Приглашаются все желающие!

О чем пойдет речь:

Raw analysis of D-part Compositional Data (CoDa) is based on the
assumption that the sample space for such data is the D-dimensional real
space endowed with the standard Euclidean geometry. This assumption can
lead to spurious correlations and other non-sensical results when using
multivariate statistical methods. The present state-of-the-art in CoDa
assumes the simplex to be a representation of the sample space and the
Aitchison geometry on the simplex as a way to overcome the difficulties.
These assumptions are based on the principles of scale invariance and
subcompositional coherence, which justification and implications are
discussed, as well as the basic operations (perturbation, powering,
Aitchison inner product) underlying the Aitchison geometry.

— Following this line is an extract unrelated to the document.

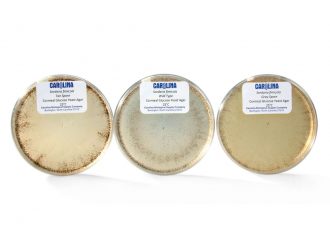 Sordaria Genetics Plate Cultures Set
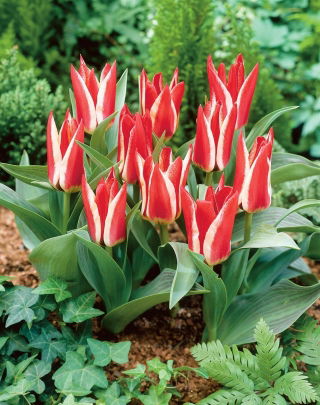 Tulipan Pinocchio - GIGA paczka! - 250 cebulek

This theoretical framework is applied to omics-abundances. Omics studies
generate data sets characterized by a large number of relative
abundances referred to species, OTU's, metabolites and the like. Most of
these data sets are affected by a large number of zero counts. However,
there is a common consensus that these data should be treated as
compositional. The isometric log-ratio representation (ilr) of
compositions provides a way to analyse abundance data avoiding the
misleading results obtained when abundances are considered as real
variables. The main available compositional tools are the compositional
singular value decomposition (csvd) and sequential binary partitions
(sbp). The csvd provides data driven ilr-coordinates or simple-sparse
approximations by principal balances. The use of sbp's gives the
opportunity of designing ilr-coordinates (balances) adapted to the problem.